Ein 37-Jähriger ist vor dem Landgericht München I angeklagt. Der Vorwurf: Er soll einen Neunjährigen über 1.000-mal sexuell missbraucht haben. Er streitet das ab.
Am Dienstagmorgen um 9.30 Uhr hat vor dem Landgericht München I ein Prozess zu einem Fall begonnen, der laut Anklage der Staatsanwaltschaft erschreckende Ausmaße haben soll: Einem 37-Jährigen wird vorgeworfen, ein Kind über Jahre hinweg sexuell missbraucht zu haben. In der zehnseitigen Anklageschrift listet die Staatsanwaltschaft, beginnend im Jahr 2011, insgesamt 993 Fälle auf, bei denen sich der Angeklagte an dem damals Neunjährigen vergangen haben soll. Der 37-Jährige streitet die Taten ab.
Oktober 2010: Der 22-jährige Florian K. meldet sich auf der Plattform betreut.de an. Dort bietet er neben Hilfe bei der Gartenarbeit auch Unterstützung bei der Kinderbetreuung an. Eine alleinerziehende Mutter von zwei Söhnen engagiert den gebürtigen Rosenheimer. Dieser soll zweimal wöchentlich zu der Familie nach Hause kommen. Die beiden Jungs sind zu diesem Zeitpunkt neun und 14 Jahre alt. Den älteren der beiden bekommt Florian K. kaum zu Gesicht, für den Jüngeren hingegen bereitet er das Essen vor, hilft ihm bei den Hausaufgaben oder macht Unternehmungen mit ihm.
Angeklagter sieht sich selbst in kleinem Jungen
Den Neunjährigen beschreibt der 37-Jährige vor Gericht als "introvertiertes, unglücklich wirkendes Kind", das sehr untergewichtig gewesen sei. Er habe wenig soziale Kontakte gehabt und sei "krass gemobbt" worden. Eine Rolle, die der Angeklagte zu kennen scheint. Seine Eltern ließen sich früh scheiden. Mit sechs kam er ins Internat, während seine ältere Schwester zu Hause bei der Mutter bleiben konnte. Dort sei er mit zehn Jahren Opfer eines sexuellen Übergriffs geworden, wie er vor Gericht aussagt. Als er gerade beim Spielen in einer nahegelegenen Scheune war, habe ein älterer Mitschüler den Angeklagten gezwungen, ihn oral zu befriedigen.

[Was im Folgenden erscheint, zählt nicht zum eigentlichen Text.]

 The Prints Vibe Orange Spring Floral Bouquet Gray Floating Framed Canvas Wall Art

Als Florian K. 19 Jahre alt ist, wird er das erste Mal straffällig. "2007 habe ich den ersten und einzigen Übergriff getätigt." Er passte abends auf einen sechsjährigen Jungen auf, dessen Familie er kannte. Der 19-Jährige habe dem Jungen an sein Glied gefasst und ihn oral missbraucht. "Ich kann gar nicht mehr genau sagen, warum ich das gemacht habe." Für diese Tat wurde Florian K. 2008 zu einer Jugendstrafe von zwei Jahren auf Bewährung verurteilt.

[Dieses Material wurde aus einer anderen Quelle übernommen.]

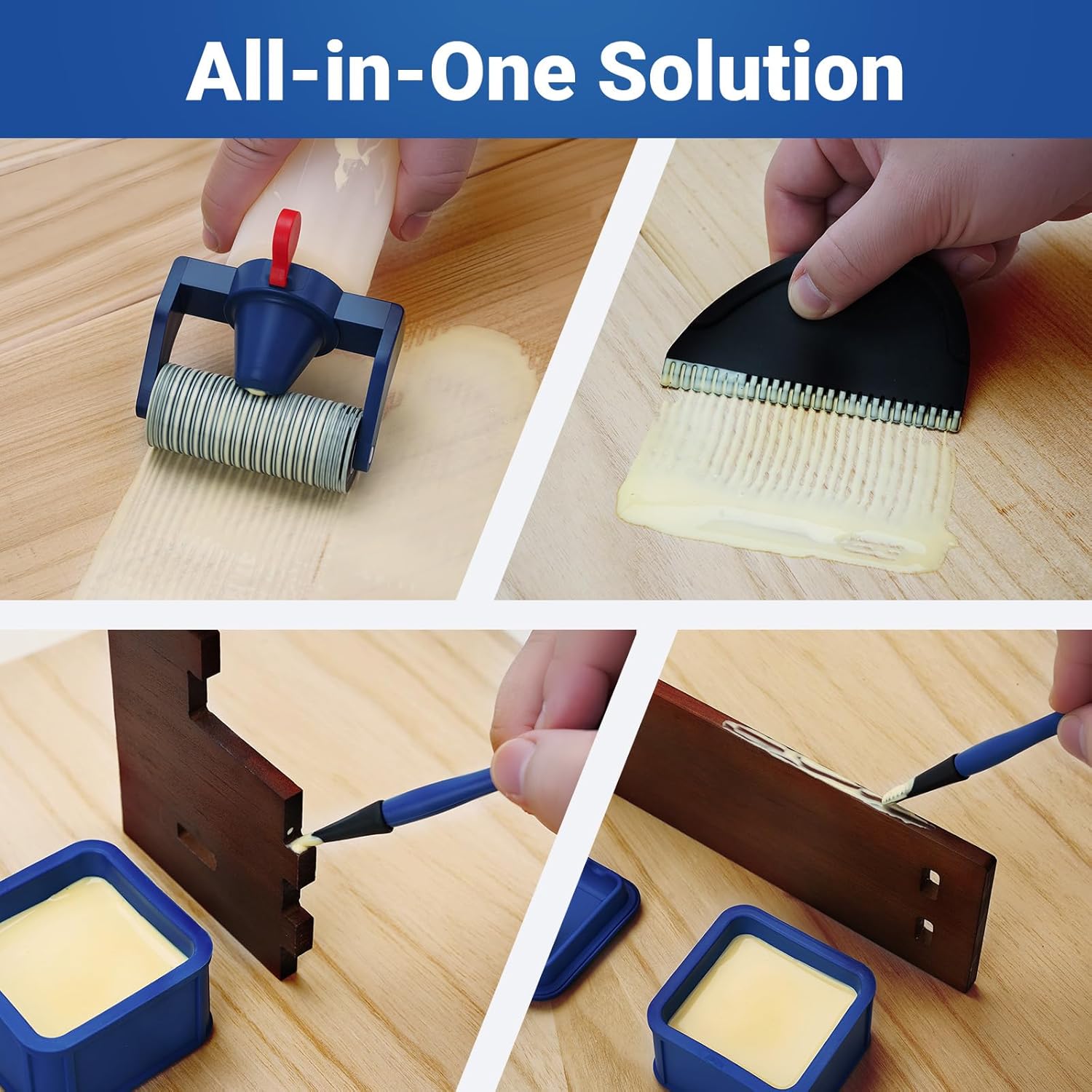 Glue Roller, 10PCS Wood Glue Roller Applicator Set Includes Wood Glue Bottle (8oz), Spreader, Silicone Glue Brush & Pod, Application Tray for Woodworking, Arts, Crafts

Mutter des Jungen wusste nichts von der Vorstrafe
Die Mutter der beiden Jungen weiß nichts von der Vorstrafe, als sie den gelernten Heilerziehungshelfer im Oktober 2010 einstellt. Zu dem jüngeren der beiden Söhne der Familie aus Planegg habe er zunächst keine Bindung gehabt, sagt der Angeklagte vor Gericht aus. Doch dann wendete sich das Blatt. Florian K. habe Mitleid mit dem Jungen bekommen. "Der hat eine Familie und die interessiert sich nicht für ihn. Und so ging es mir ja auch." Sowohl der Angeklagte als auch die Staatsanwaltschaft sind sich einig, dass Florian K. über die Zeit eine enge Bindung zu dem Jungen aufgebaut habe.
Der Angeklagte wurde wohl zur wichtigsten Bezugsperson des Jungen. Die Staatsanwaltschaft spricht sogar von einer Vaterfigur.
Im Alter von zehn soll der Junge erstmals zum Opfer geworden sein
Es ist inzwischen Frühwinter 2011. Der Junge ist jetzt zehn Jahre alt und geht in die fünfte Klasse. Nach einem gemeinsamen "Harry Potter"-Filmeabend, bei dem auch ein Freund des Jungen dabei war, soll Florian K. in der Nacht immer wieder seine Hand in die Hose des inzwischen 10-Jährigen gesteckt und dessen Penis berührt haben. Immer wieder soll der Junge die Hand weggetan haben, immer wieder soll der Angeklagte ihn berührt haben. So lange, bis der Junge aufgegeben habe und am nächsten Morgen immer noch mit der Hand des Angeklagten an seinem Penis aufgewacht sein soll.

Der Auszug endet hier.